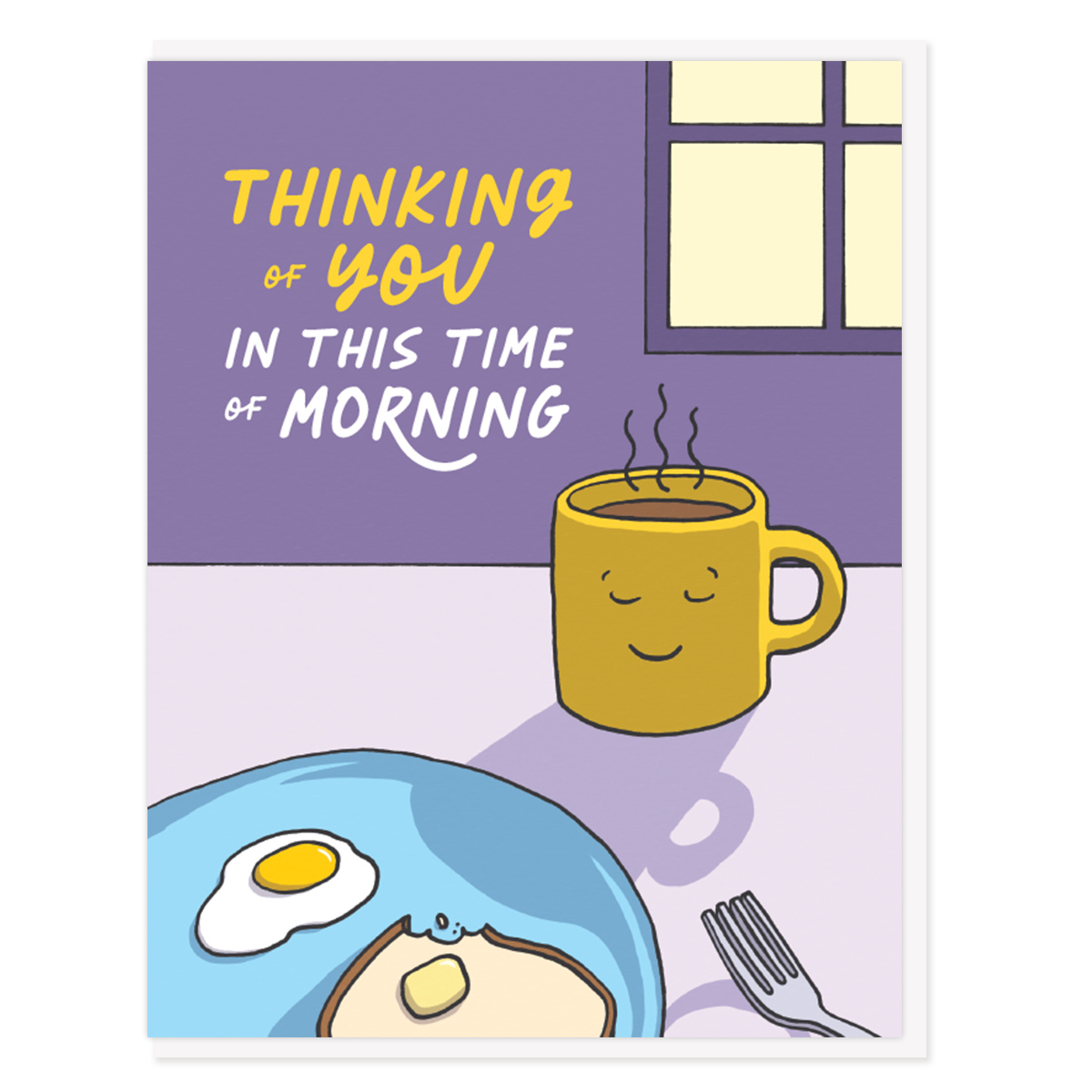 Morning Breakfast Card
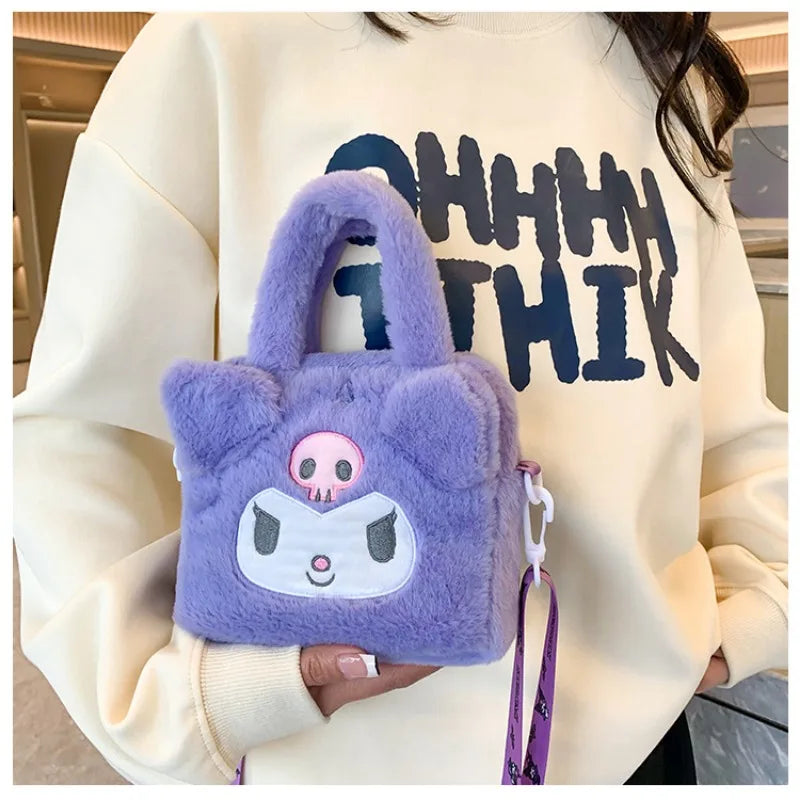 Cartoon Anime Plush Handbag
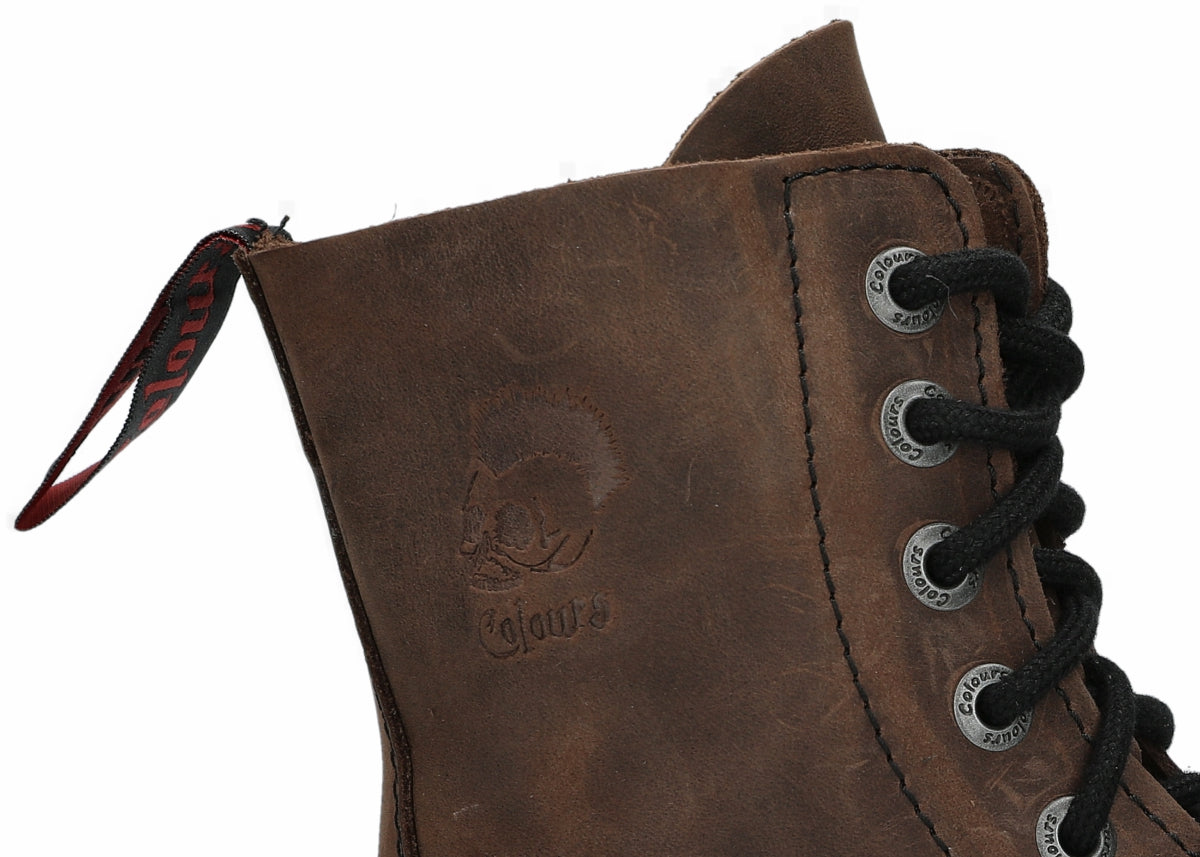 8 Loch Brown Crazy Colours Boots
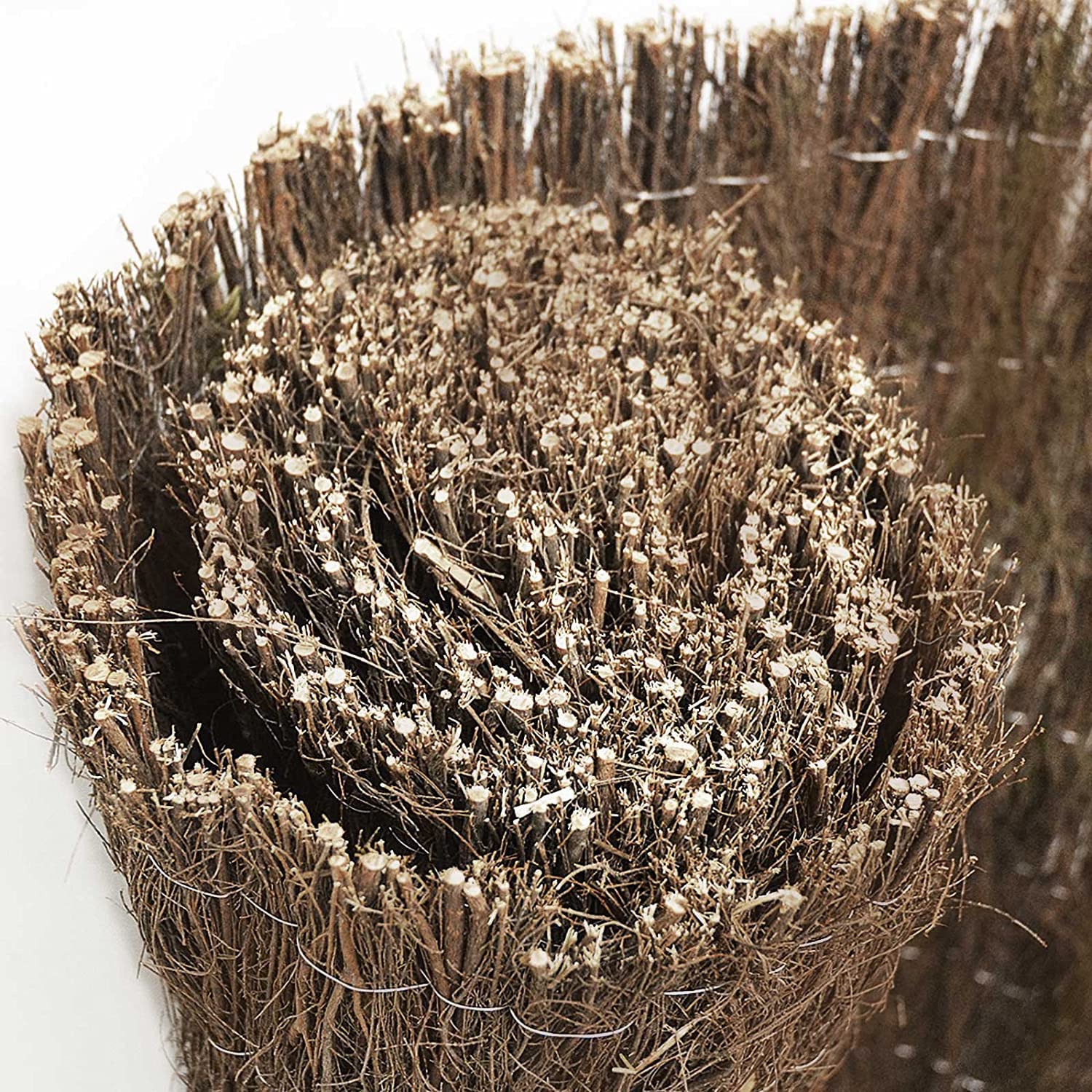 Karat Mata wrzosowa 200 x 300 cm – ochrona przed wzrokiem z naturalnego wrzosu na balkon i do ogrodu – mata maskująca – wiatrołap – ogrodzenie ogrodowe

━━━━━━━━

Restate word for word only the lines from the one with "Cartoon Anime Plush Handbag" through the last line of the material, both included. Any picture should be left out.

WRITTEN ANSWER:
 Cartoon Anime Plush Handbag
 8 Loch Brown Crazy Colours Boots
 Karat Mata wrzosowa 200 x 300 cm – ochrona przed wzrokiem z naturalnego wrzosu na balkon i do ogrodu – mata maskująca – wiatrołap – ogrodzenie ogrodowe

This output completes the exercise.